Fall is here, along with the fourth quarter of the business calendar. In some companies, annual performance reviews are right around the corner.

Amy Lindgren

For many employees, being reviewed can be a fraught process, too heavily weighted with measures that seem to lack meaning, such as the ubiquitous scale of 1 to 5 — based on what as the actual meaning of 5?

If you’ve heard of (or had) bosses who refuse to give a top ranking (because nobody’s perfect, and they don’t want you resting on your laurels), then you may already feel a bit jaded about the process. How can you be motivated by a system in which you can never achieve the goal?

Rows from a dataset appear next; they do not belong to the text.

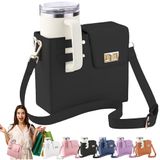 Bolsa Tiracolo Portátil Para Uso Externo, Porta-copos, Preta Para Mulheres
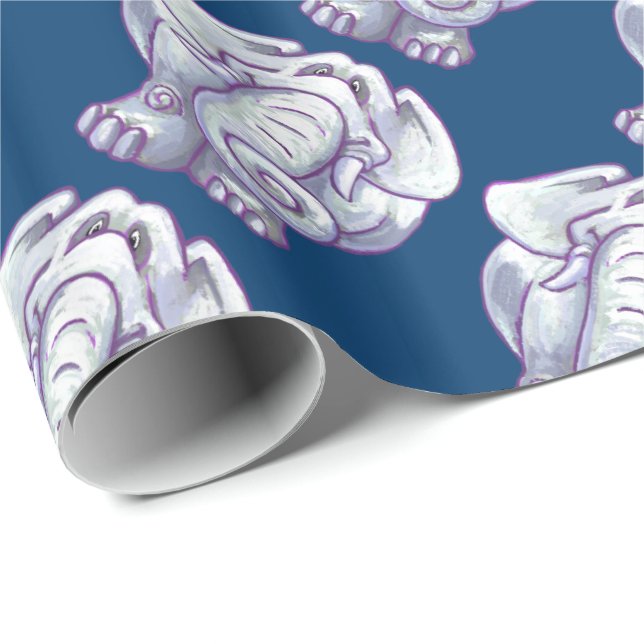 Cute White Elephant Gift Wrapping Paper (Roll Corner)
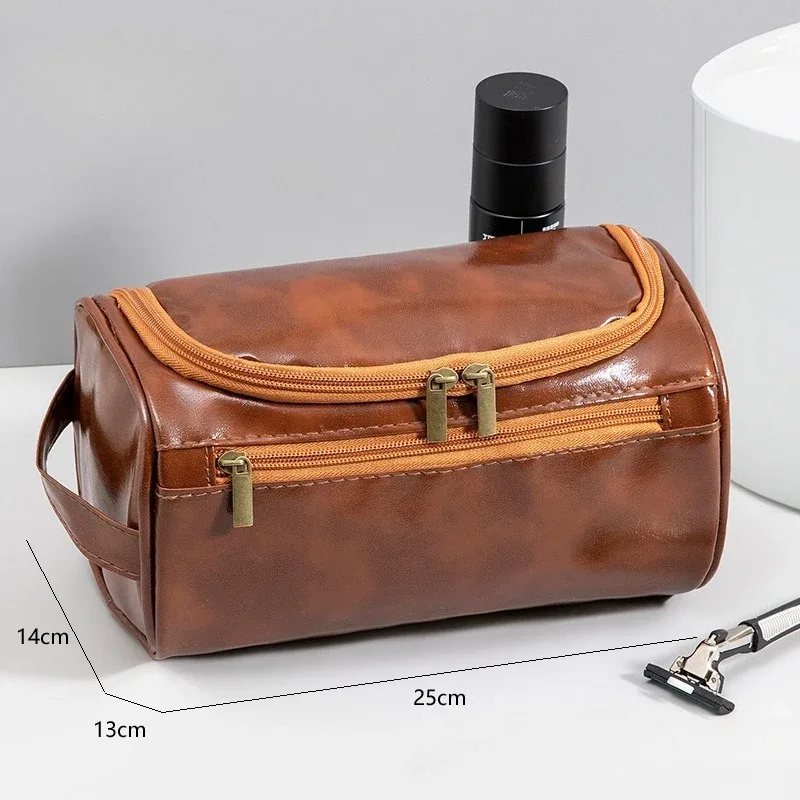 trousse de toilette de voyage en cuir pour hommes et femmes, grande capacité, organisateur de cosmétiques avec crochet de suspension, sac de rangement maquillage étanche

In truth, managers aren’t thrilled by these systems either. It’s stressful to rank employees, especially when the forms seem to ignore the most important aspects of someone’s job. Now with so many people working remotely or covering more roles, managers may be even more challenged in this process.

If managers and employees both dislike performance reviews, why does the practice persist? That question does get asked from time to time. On balance, despite the drawbacks, it’s better for employees to work in a system that uses some kind of review, rather than one that doesn’t. If nothing else, it’s an annual opportunity to clear the air about duties and expectations.

Since the actual protocols differ from one company to the next, there isn’t a universal set of steps for succeeding at your next performance review. Even so, the following tips might give you a head start.

Ask for the form in advance. Assuming your company uses a form or some other prepared document, ask for it a month or more before your review would be scheduled. This lets you think about the areas you’ll be evaluated on, while getting started on any information you’re expected to prepare.

Review past evaluations. If you’ve been with this employer awhile, you’ve probably been through this process already. Past reviews will remind you of goals you’d intended to reach this year, along with other areas of improvement. They’ll also prepare you mentally for the process itself.

Talk to co-workers. If others have already been through their reviews, consider asking how it went. You don’t need to get personal. Just, “Did you think the process was different this year?” might be enough to elicit advice.

Gather your data. Did you take on extra duties this year, or cover different areas of your department? What did you learn that you might be taking for granted now, such as remote meeting processes? Did you hit or miss your work goals? Answering these kinds of questions might be a requirement of your review preparation process but if not, it’s still good data to have ready.

Mind your language. In the meeting itself, there are some things you want to avoid saying. For example, leave out unneeded modifiers such as “kind of” – as in, “I kind of led the transition process this year.” If you weren’t given official leadership status, the modifier is understandable but it’s still not strategic. Try this instead: “When the transition process gained momentum, I stepped forward to lead the stages taking place in my work area. That included.. and … and …”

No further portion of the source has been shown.